Formality: Business appropriate
Recommended Collars: Spread collars, cutaway collars
The Grantchester is essentially an overgrown variation on the four-in-hand knot. It rivals the full Windsor for thickness, but has the asymmetrical shape of the four-in-hand.
The history of the name is unclear. Thomas Fink and Yong Mao use it in their mathematical work on neckties, The 85 Ways to Tie a Tie. Like a number of necktie knots, the name comes from a town in England near Cambridge, where Fink and Mao studied.
It is one of a family of “inside-out” knots tied with the seam facing outward beneath the collar, rather than inward. The final stage hides the seams of the ends by facing them toward each other, while the rest of the tie is hidden beneath the collar.
The Grantchester is a hefty knot, similar to the Windsor in bulk, though a bit shorter in height.
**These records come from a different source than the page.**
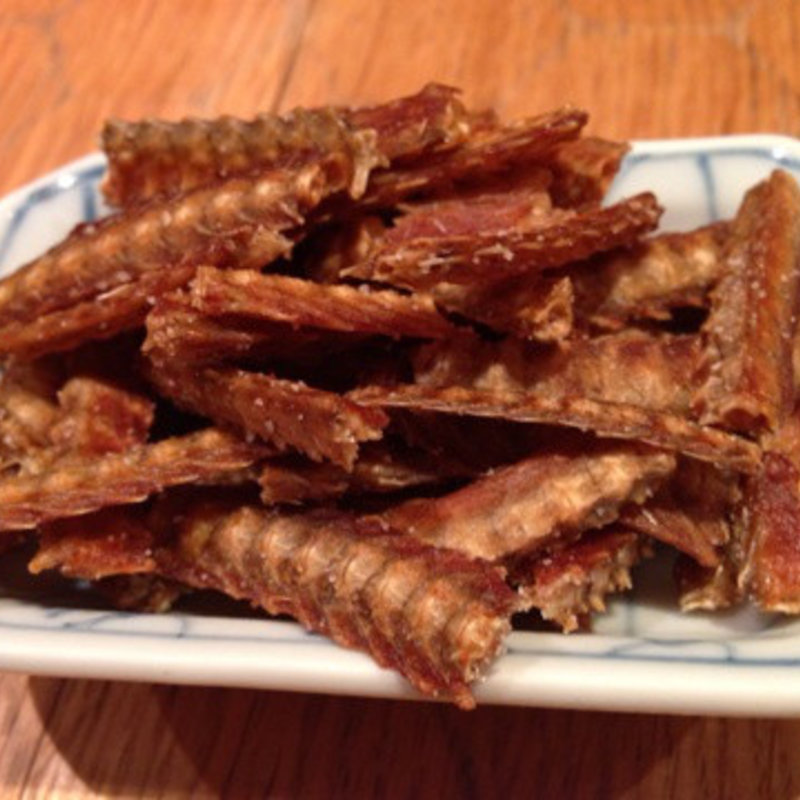 骨せんべい(十番右京)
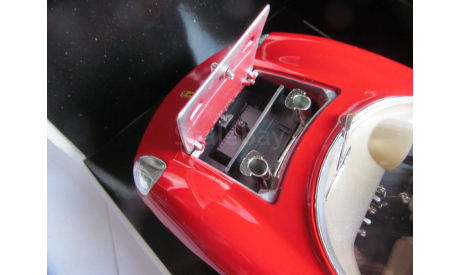 модель 1/18 Ferrari 250 Le Mans 1965 Burago Italy металл 1:18 250LM, масштабная модель, BBurago, scale18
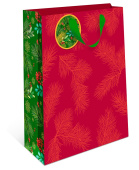 Пакет BC премиум 18х22,3х10см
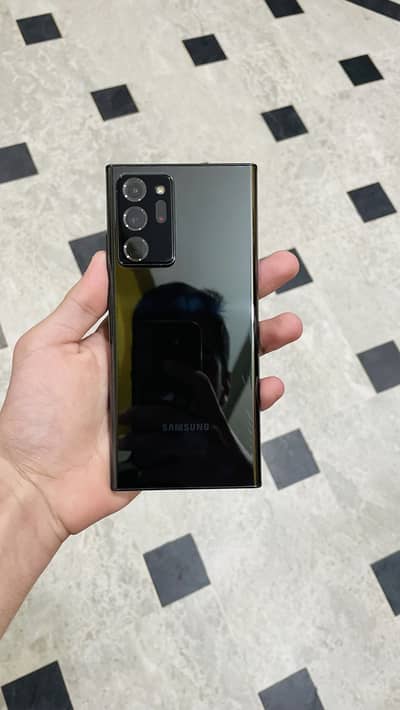 Samsung Galaxy Note 20 Ultra 5G Non Pta 10/10 Condition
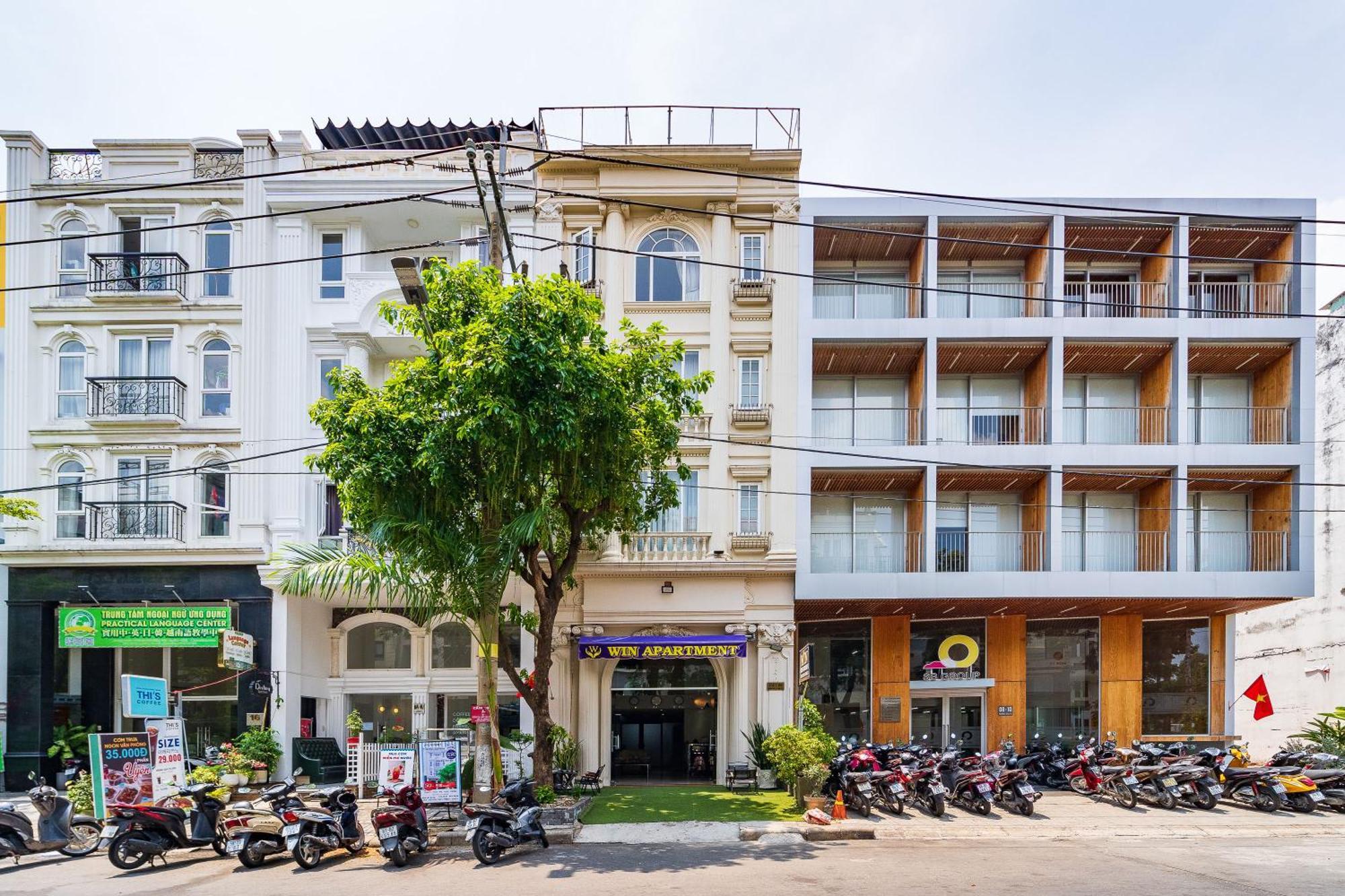 Win & * Ho Chi Minh City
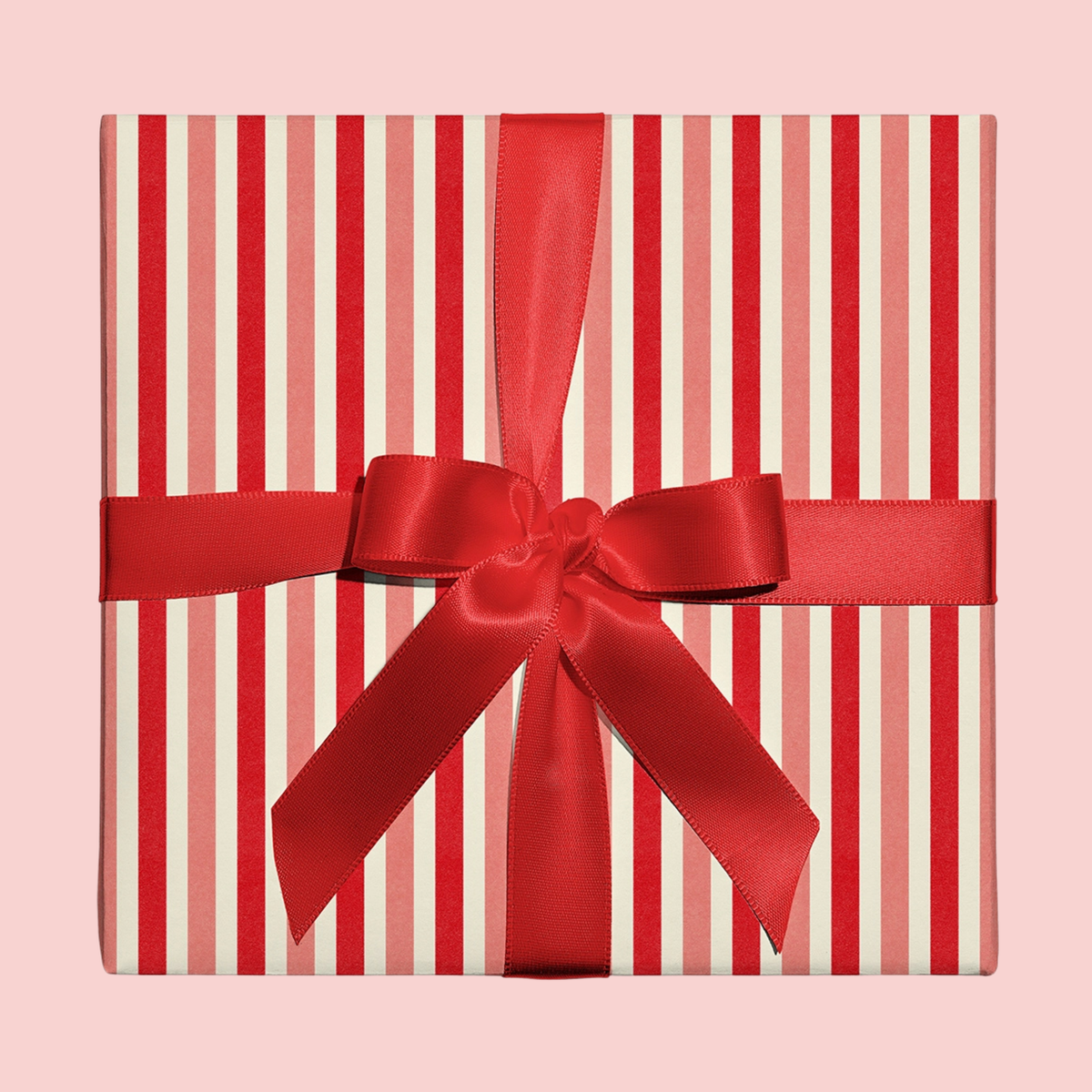 Red__Pink_Stripe_Wrapping_Paper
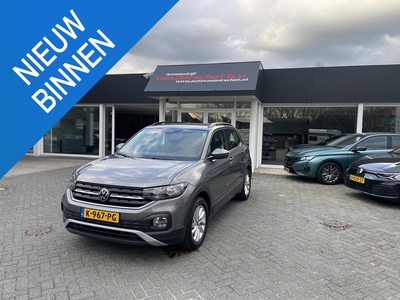 Volkswagen T-Cross 1.0 TSI Life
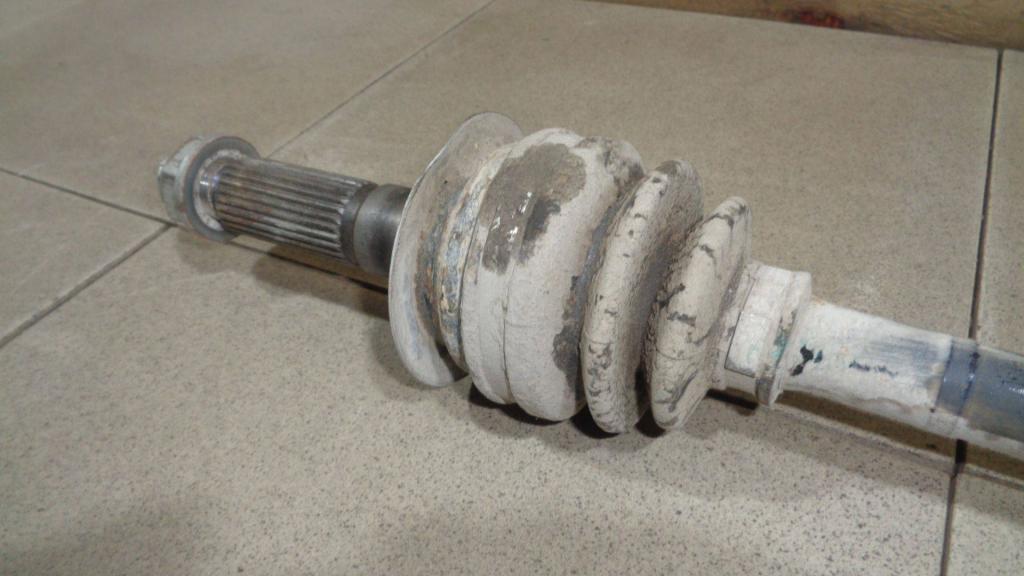 Полуось задняя, 2500 рублей, Пермь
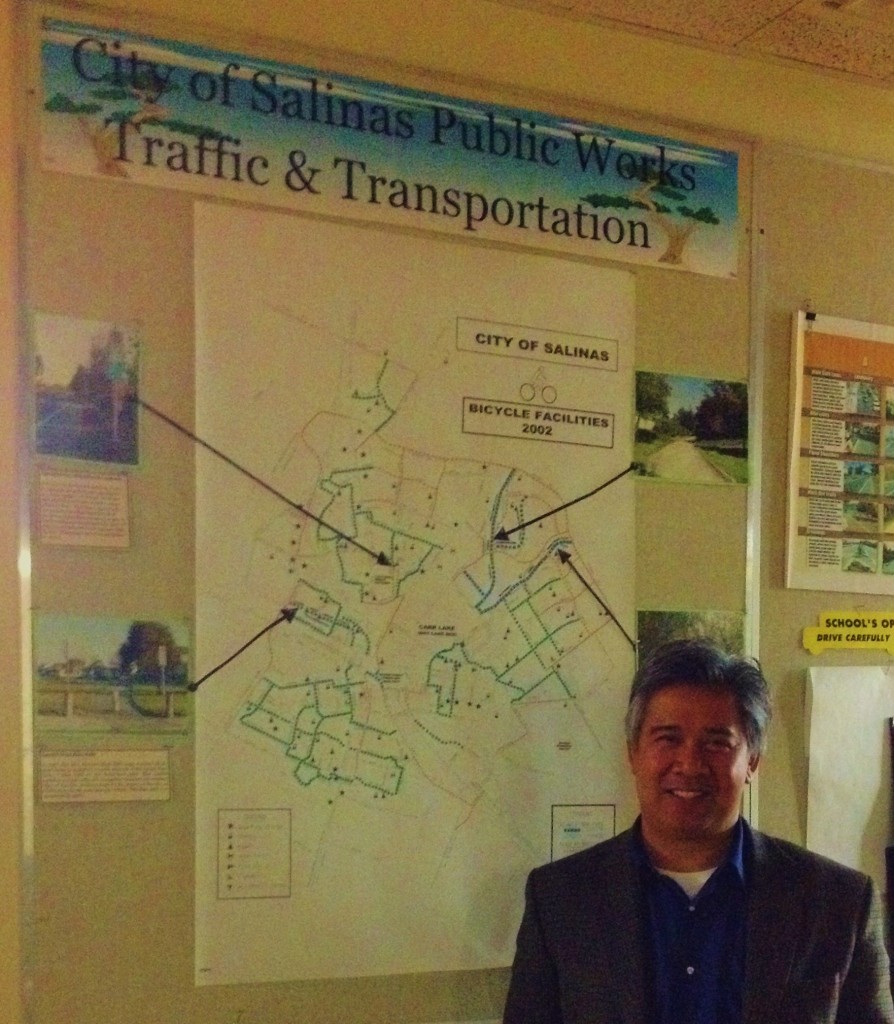 James Serrano - Salinas planner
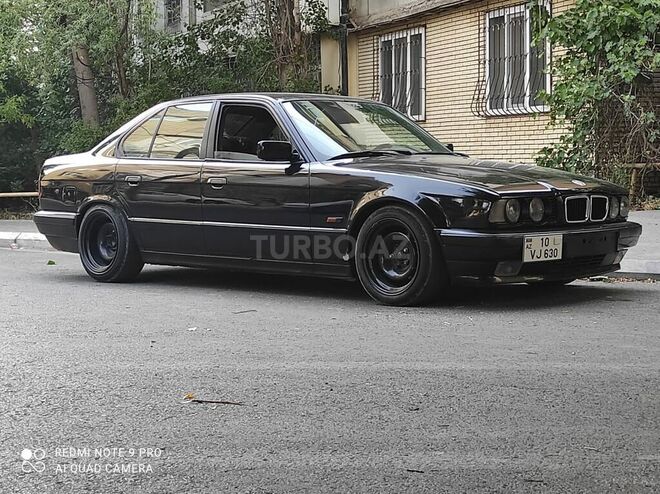 BMW 520 1995, 378,000 km - 2.0 l - Bakı
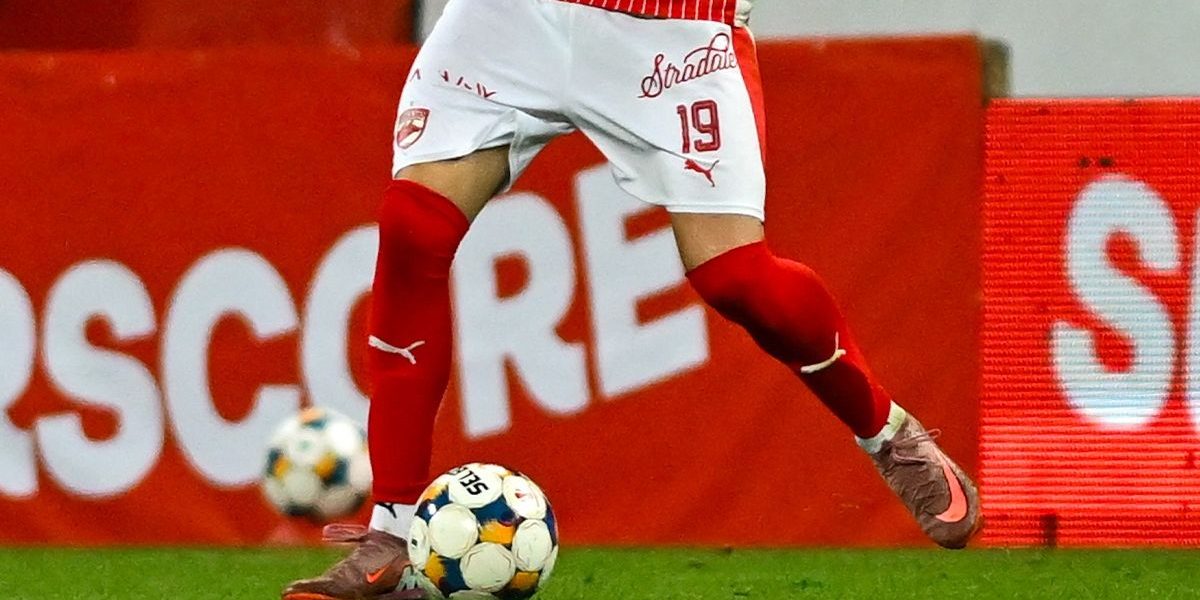 Mazilu, execuție ratată la Dinamo: Kopic, furios după gestul incredibil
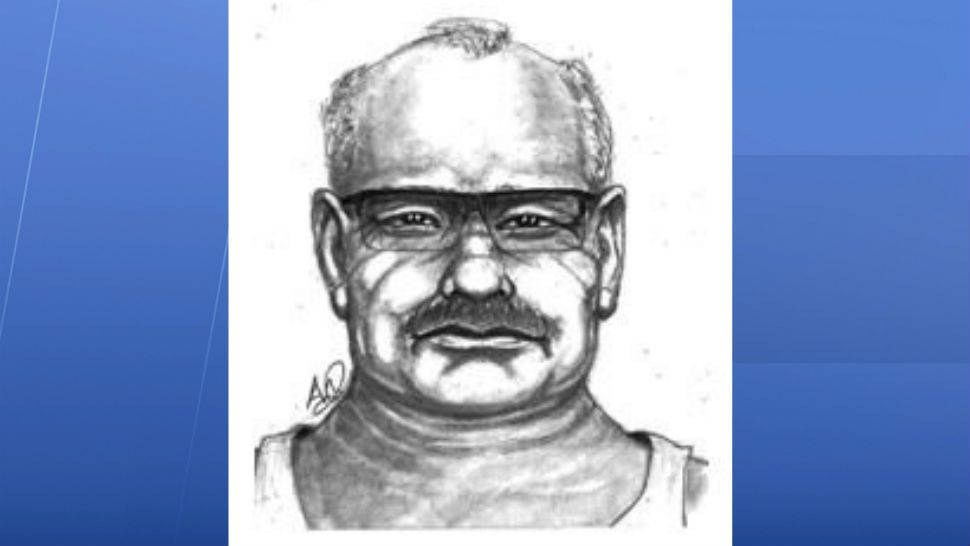 Composite sketch of a man deputies say may have tried to lure and entice a child near an Orange County apartment complex. (Courtesy of the Orange County Sheriff's Office)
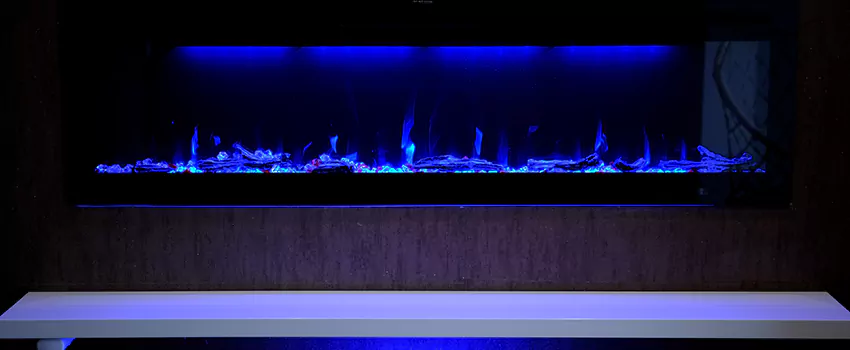 Benefits of Multi-Color Fireplace Installation in Druid Hills, GA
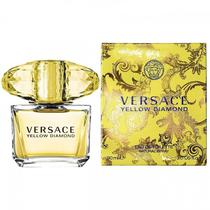 Perfume Versace Yellow Diamond Edt Feminino - 90ML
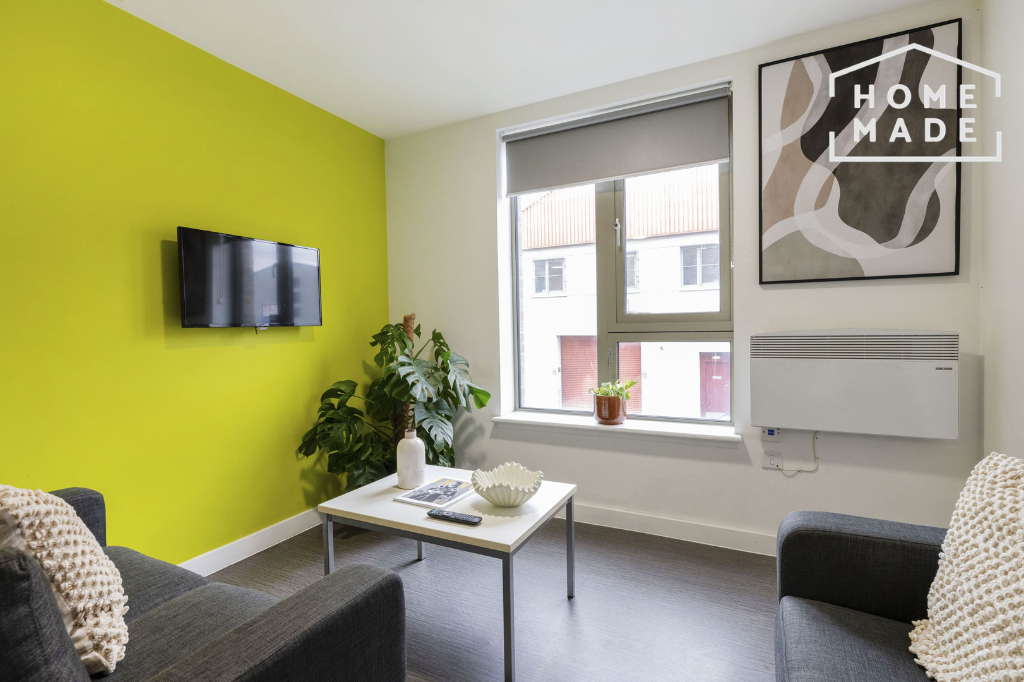 Main image of property: Foundry Courtyard, G4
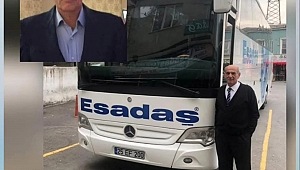Cemalettin TOSUNOĞLU  Otobüs kazasında hayatını kaybetti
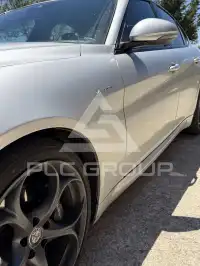 2017 Alfa Romeo Giulia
Use a relatively thin necktie to keep it from becoming too bulky.
Drape the necktie around your collar with the seam facing outward. The thick end should hang on your left side, and the thin end on the right.
The knot is tied with the thick end, so hang its tip four or five inches lower than your desired final length.
Cross the thick end under the thin end, making an X-shape beneath your chin.
Wrap the thick end across the front of the thin end, crossing horizontally from right to left. Continue wrapping around to cross back from left to right behind the thin end, making a complete loop around it.
Continue wrapping the thick end around the thin end, making a second trip across the front from right to left.
You should finish up with the thick end pointed toward your left, seam facing inward. At this point you’ve made one complete, 360-degree circle around the narrow end of the tie with the thick end.
Use a finger to hold the horizontal fold you’ve made across the front of the tie in place.
Slip the thick end of the tie underneath the loop around your collar, emerging with the tip pointed upward and the seam facing out.
Flip the thick end of the tie tip-down in front of the knot. You’re not passing it through the horizontal loop across the front at this stage — just let it hang loose in front of everything you’ve tied so far. Keep using a finger to hold the knot beneath the thick end in place.
Wrap the thick end behind the thin end and the body of the knot, crossing from right to left.
You should finish this step with the thick end pointed to your left, seam facing outward.
Continue wrapping the thick end around, this time crossing from left to right.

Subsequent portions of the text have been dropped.